3 +/- 9.5 years, 72.8% male). None were taking a beta-blocker at presentation, but all had started by 4 LOXO-101 purchase months’ follow-up. The patients were reweighed after 1 year. There was an increase in weight (0.9 +/- 7.0 kg; P = .03) and
body mass index (0.2 +/- 2.4 kg/m(2); P = .02). Patients in New York Heart Association (NYHA) functional class III or IV had no significant weight change, whereas those in class I or II had an increase of 1.62 kg (P < .0001). In patients who had no peripheral edema at baseline or I year, there was a greater increase in weight (1.3 +/- 6.9 kg; P = .01).
Conclusions: Beta-blocker use and intensification of heart failure treatment is associated with weight gain in CHF. The increase is greater in those who are nonedematous and tends to occur in patients with NYHA functional class I and II symptoms. (J Cardiac Fail 2012;18:233-237)”

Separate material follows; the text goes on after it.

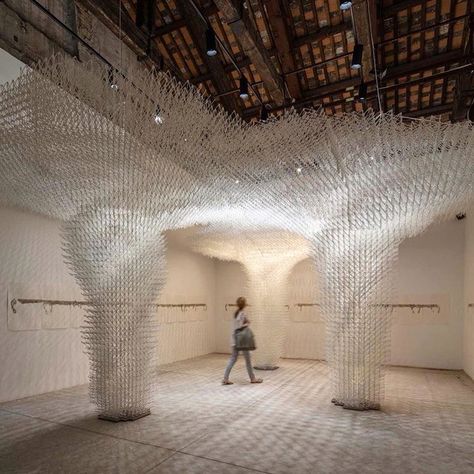 As part of the 16th International Architecture Exhibition La Biennale di Venezia, the Ministry of Culture of the Republic of Croatia introduced one of the world’s largest 3D printed structures. Cloud Drawing is an installation that crosses the boundaries of architecture, art, precision engineering, computational design and robotic fabrication. Lattice Structure, Visual Tracking, Parametric Architecture, Architecture Images, Venice Biennale, Scale Design, Art Installation, Engineering Design, Installation Art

“In AZD8186 mouse vitro experiments confirmed that a 10-mer peptide derived from human mammary-associated serum amyloid A3 (M-SAA3) protected intestinal epithelial cells from enteropathogenic
Escherichia coli (EPEC) adherence. The entire 42-mer human M-SAA3 protein was even more effective, reducing EPEC binding by 72% relative to untreated cells (P < 0.05), compared with 25% and 57% reductions for the human 10-mer and Lactobacillus GG, respectively. However, none of the M-SAA3 peptides reduced Salmonella invasion in vitro (P > 0.05). Each of the M-SAA3 10-mer peptides and the 42-mer was then administered orally to mice at 500 mu g day(-1) for 4 days before deliberate infection with either Citrobacter rodentium (mouse model of EPEC) or Salmonella Typhimurium. None of the peptides protected against Salmonella infection and the 42-mer may even increase infection, as
there was a trend VX-680 towards increased Salmonella counts in the liver and small intestine in 42-mer-treated mice compared with those in sodium acetate-treated control mice. Citrobacter counts were reduced in the caecum of mice administered the 42-mer relative to a scrambled 10-mer (P < 0.05), but not compared with the sodium acetate control and no reductions were observed in the faeces or colon. Overall, although promising anti-infective activity was demonstrated in vitro, neither the 42-mer M-SAA3 protein nor a 10-mer peptide derivative prevented enteric infection in the animal models tested.”
“Background: The goal of the present study was the characterization of Plasmodium falciparum genes associated to malaria drug resistance (pfcrt, pfdhfr and pfdhps), in samples from two Brazilian localities.
Methods: Parasites from 65 P. falciparum samples were genotyped using nested-PCR and direct DNA sequencing.
Results: Six resistant sulphadoxine-pyrimethamine (SP) pfdhfr genotypes and one haplotype associated to SP sensitivity were detected.